What to work on: All lines in the material containing the word "Foot" need to be copied.

Data provided:

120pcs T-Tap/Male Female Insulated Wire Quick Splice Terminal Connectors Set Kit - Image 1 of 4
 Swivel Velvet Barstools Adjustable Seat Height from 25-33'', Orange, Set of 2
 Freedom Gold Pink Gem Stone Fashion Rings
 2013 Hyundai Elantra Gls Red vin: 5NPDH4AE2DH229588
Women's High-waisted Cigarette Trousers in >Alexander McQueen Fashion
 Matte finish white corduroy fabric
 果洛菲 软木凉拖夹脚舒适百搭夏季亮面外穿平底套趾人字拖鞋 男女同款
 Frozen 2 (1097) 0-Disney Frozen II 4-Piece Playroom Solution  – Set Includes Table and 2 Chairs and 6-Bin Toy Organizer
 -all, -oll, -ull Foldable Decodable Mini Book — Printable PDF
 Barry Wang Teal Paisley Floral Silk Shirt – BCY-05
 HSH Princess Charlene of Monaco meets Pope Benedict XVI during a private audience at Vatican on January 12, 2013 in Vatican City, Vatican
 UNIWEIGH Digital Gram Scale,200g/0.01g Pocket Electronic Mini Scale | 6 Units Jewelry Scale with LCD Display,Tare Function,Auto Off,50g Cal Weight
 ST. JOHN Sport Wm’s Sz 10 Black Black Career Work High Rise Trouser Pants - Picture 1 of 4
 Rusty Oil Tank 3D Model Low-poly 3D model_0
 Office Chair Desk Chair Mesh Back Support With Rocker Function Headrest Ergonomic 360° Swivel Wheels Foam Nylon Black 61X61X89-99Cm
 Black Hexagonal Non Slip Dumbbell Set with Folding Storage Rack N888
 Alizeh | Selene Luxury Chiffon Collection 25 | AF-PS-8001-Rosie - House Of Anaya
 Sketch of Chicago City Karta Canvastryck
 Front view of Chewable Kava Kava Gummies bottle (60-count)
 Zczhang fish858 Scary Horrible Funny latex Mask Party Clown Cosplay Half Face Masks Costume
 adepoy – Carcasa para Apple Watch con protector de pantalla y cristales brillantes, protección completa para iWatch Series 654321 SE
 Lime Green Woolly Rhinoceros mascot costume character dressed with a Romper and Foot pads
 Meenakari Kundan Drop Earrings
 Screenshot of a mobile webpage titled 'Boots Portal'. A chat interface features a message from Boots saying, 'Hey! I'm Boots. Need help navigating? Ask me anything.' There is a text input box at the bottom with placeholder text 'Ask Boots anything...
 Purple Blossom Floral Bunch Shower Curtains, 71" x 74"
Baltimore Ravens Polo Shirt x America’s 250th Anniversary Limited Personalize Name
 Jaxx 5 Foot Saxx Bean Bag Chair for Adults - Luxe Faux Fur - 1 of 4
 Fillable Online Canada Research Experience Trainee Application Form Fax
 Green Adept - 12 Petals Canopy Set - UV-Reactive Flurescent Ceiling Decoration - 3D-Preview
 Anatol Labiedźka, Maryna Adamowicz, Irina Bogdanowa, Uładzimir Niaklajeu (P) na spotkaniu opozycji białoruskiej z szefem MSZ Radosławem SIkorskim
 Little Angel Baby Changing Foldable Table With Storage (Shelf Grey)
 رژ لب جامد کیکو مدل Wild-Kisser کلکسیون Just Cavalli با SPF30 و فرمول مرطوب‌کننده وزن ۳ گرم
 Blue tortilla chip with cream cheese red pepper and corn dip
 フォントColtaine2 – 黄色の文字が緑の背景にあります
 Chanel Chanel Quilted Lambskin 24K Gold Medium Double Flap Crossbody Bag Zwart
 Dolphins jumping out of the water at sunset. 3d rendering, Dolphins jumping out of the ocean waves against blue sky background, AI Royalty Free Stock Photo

Solution to this exercise:
 Lime Green Woolly Rhinoceros mascot costume character dressed with a Romper and Foot pads
 Jaxx 5 Foot Saxx Bean Bag Chair for Adults - Luxe Faux Fur - 1 of 4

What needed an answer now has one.